The lines below, from the one containing "a woman with" through the one containing "Blond woman wearing", should be set down exactly, with no pictures and nothing else.

**Task inputs**
################

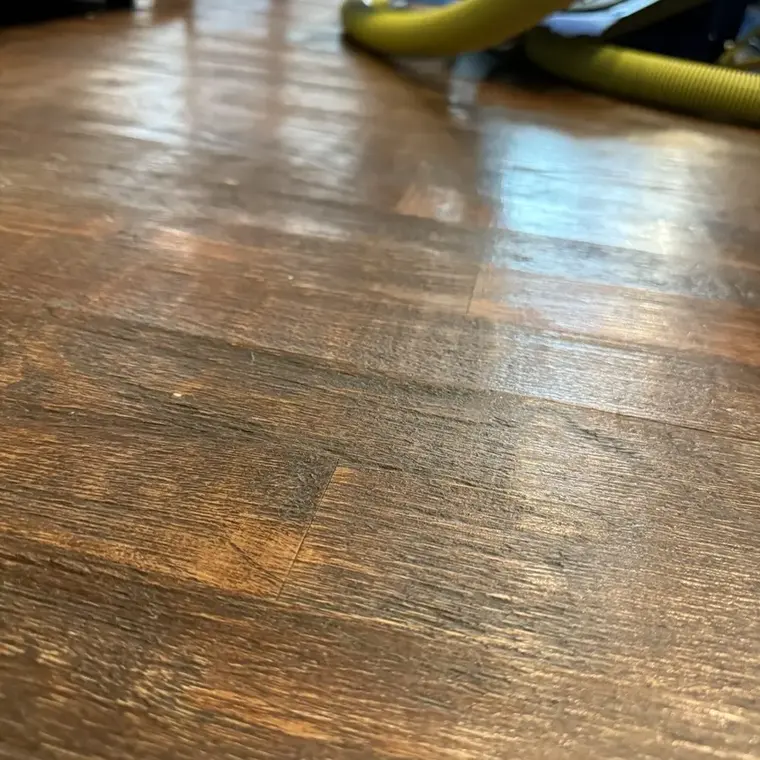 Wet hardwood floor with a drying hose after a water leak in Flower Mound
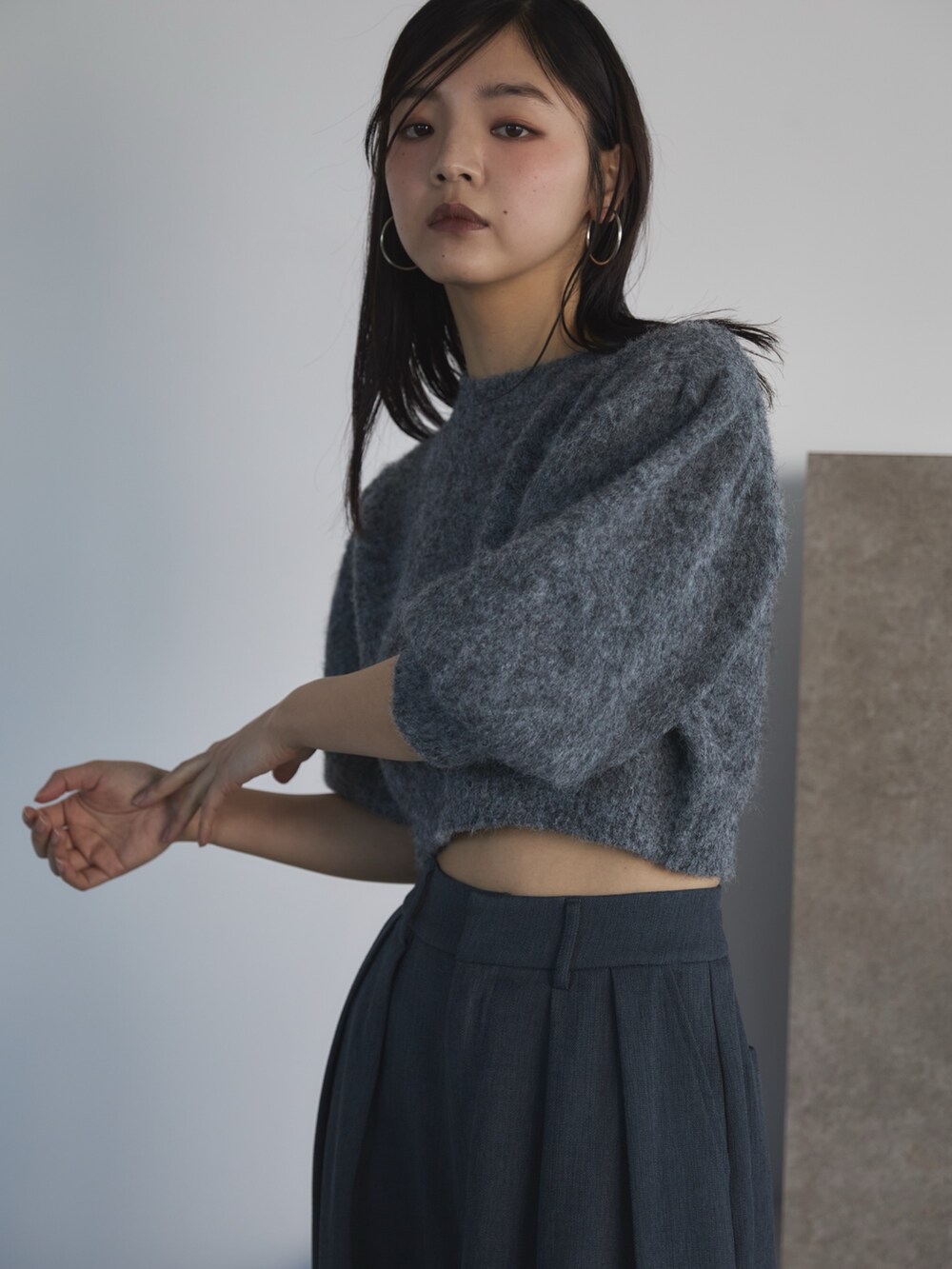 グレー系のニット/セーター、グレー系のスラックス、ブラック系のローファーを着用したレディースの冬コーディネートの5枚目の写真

################

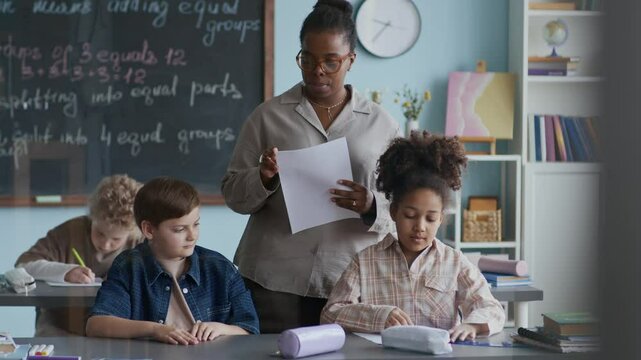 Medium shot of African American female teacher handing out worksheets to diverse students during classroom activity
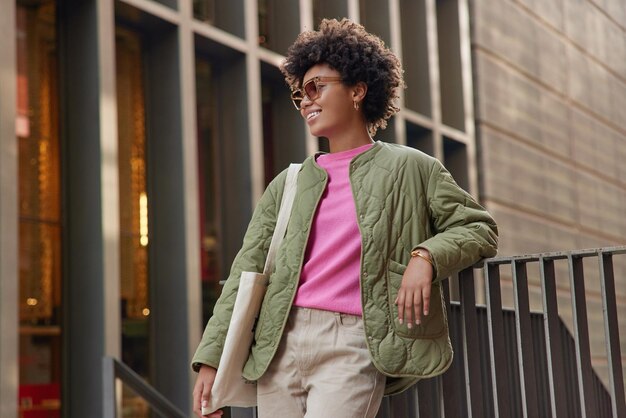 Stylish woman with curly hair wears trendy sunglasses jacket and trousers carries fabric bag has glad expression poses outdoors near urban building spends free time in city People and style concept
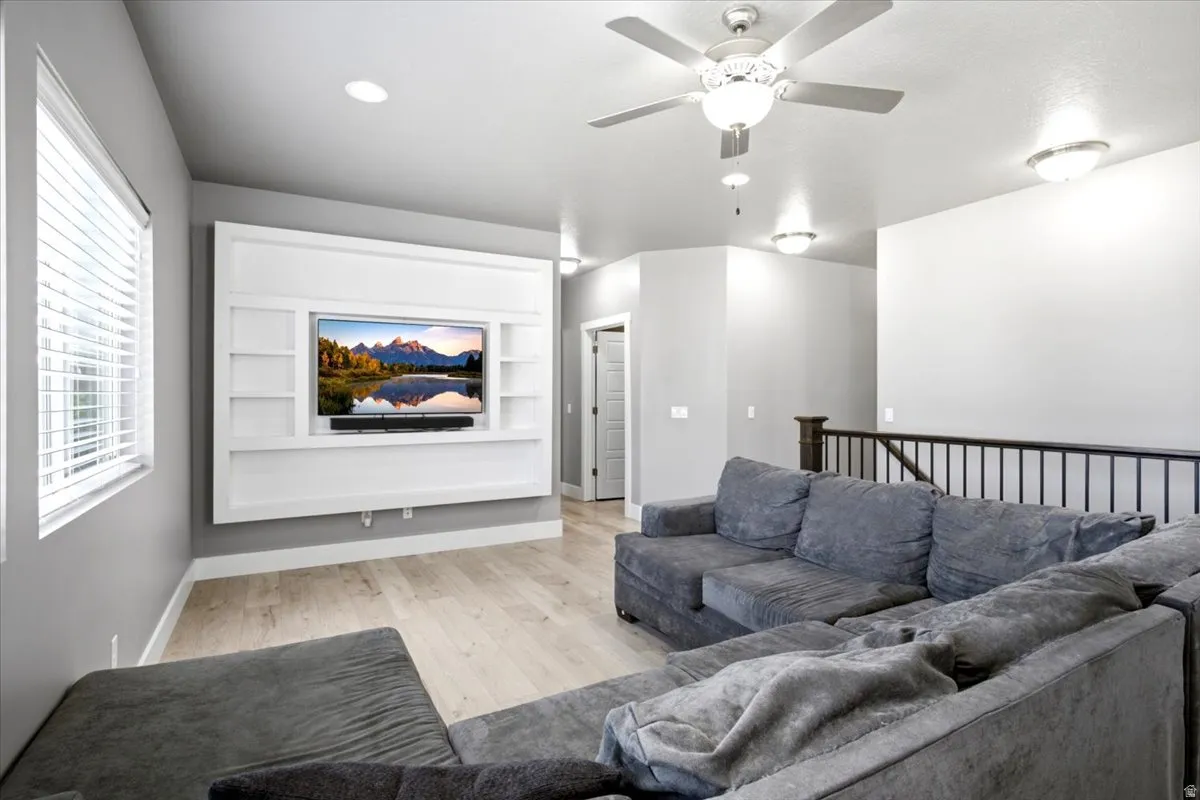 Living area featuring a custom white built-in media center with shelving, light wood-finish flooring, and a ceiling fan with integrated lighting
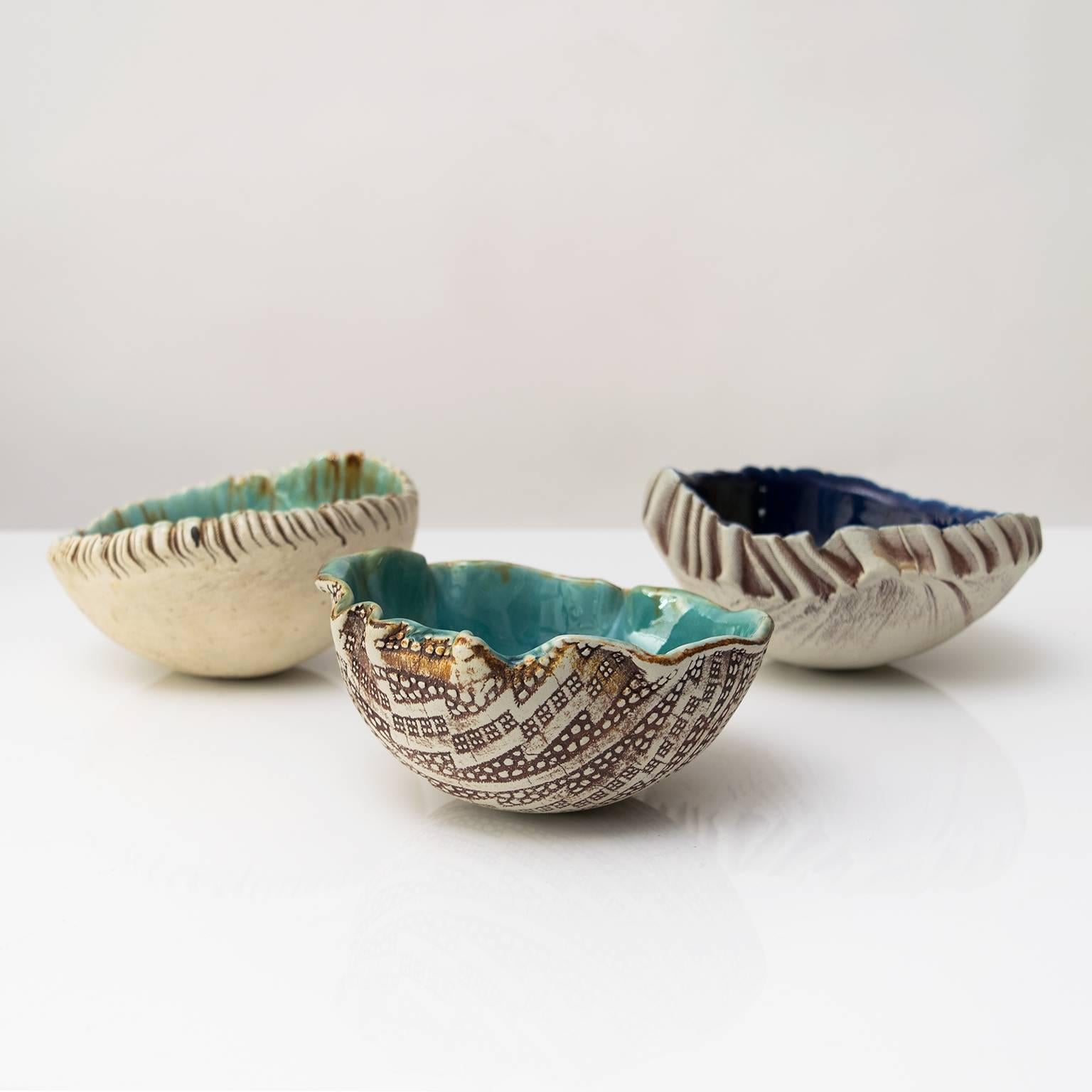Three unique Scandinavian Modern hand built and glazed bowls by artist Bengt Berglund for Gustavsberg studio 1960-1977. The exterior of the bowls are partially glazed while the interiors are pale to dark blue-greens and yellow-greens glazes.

################

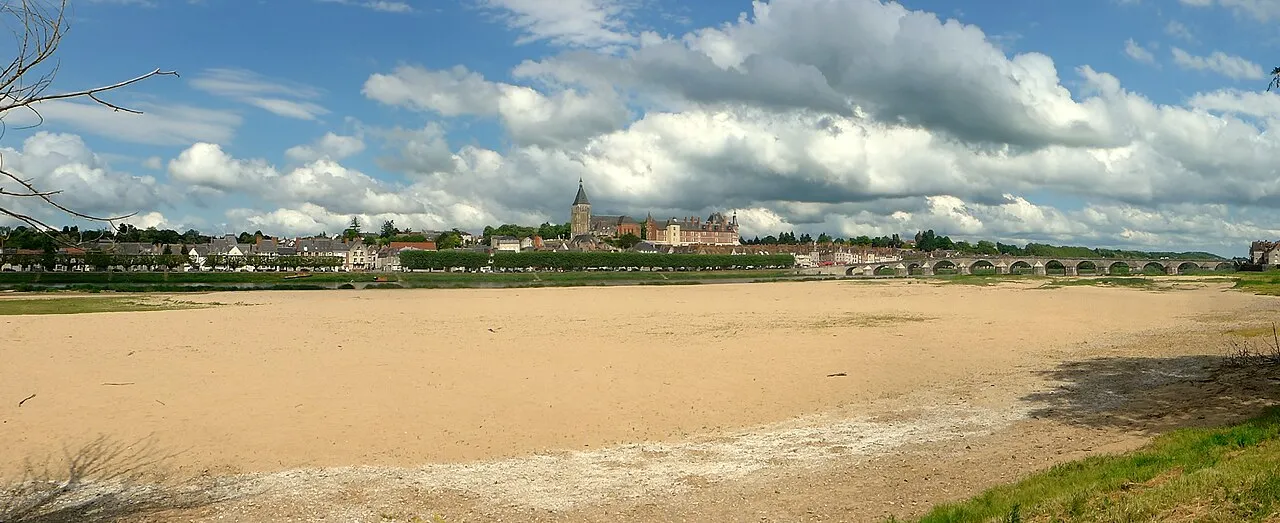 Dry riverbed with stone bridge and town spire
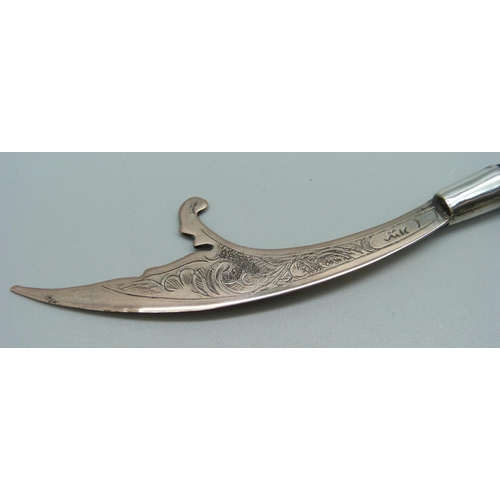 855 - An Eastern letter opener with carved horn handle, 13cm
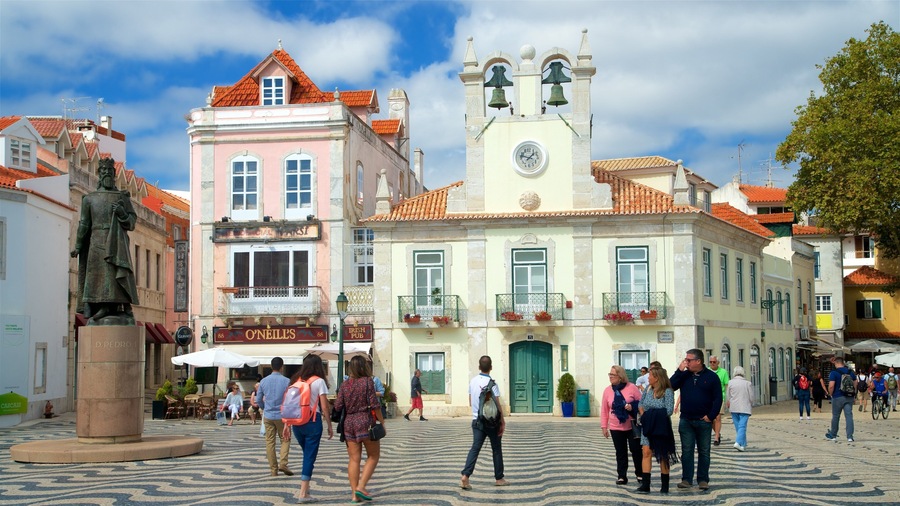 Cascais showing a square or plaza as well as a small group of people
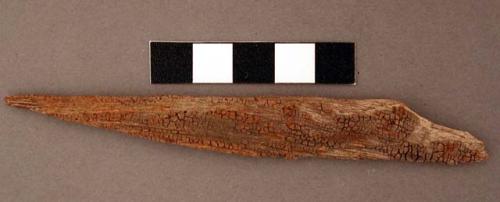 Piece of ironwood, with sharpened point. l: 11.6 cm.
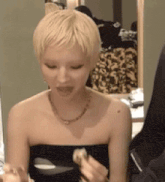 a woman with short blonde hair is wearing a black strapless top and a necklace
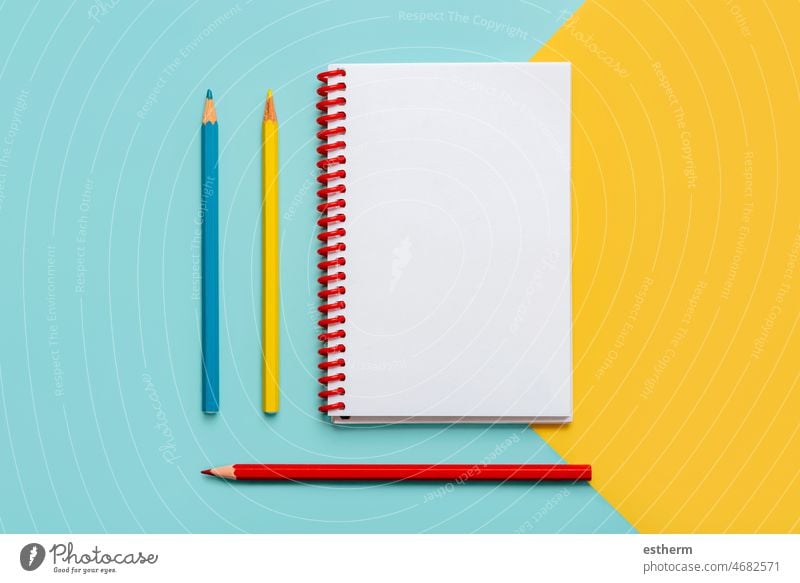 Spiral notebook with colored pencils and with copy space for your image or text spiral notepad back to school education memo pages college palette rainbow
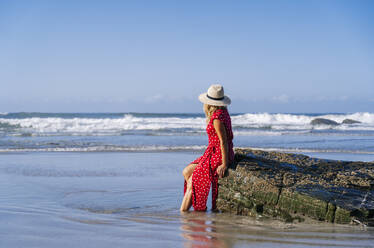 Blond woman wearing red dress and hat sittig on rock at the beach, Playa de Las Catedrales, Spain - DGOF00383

################

**Exercise answer**
 a woman with short blonde hair is wearing a black strapless top and a necklace
 Spiral notebook with colored pencils and with copy space for your image or text spiral notepad back to school education memo pages college palette rainbow
 Blond woman wearing red dress and hat sittig on rock at the beach, Playa de Las Catedrales, Spain - DGOF00383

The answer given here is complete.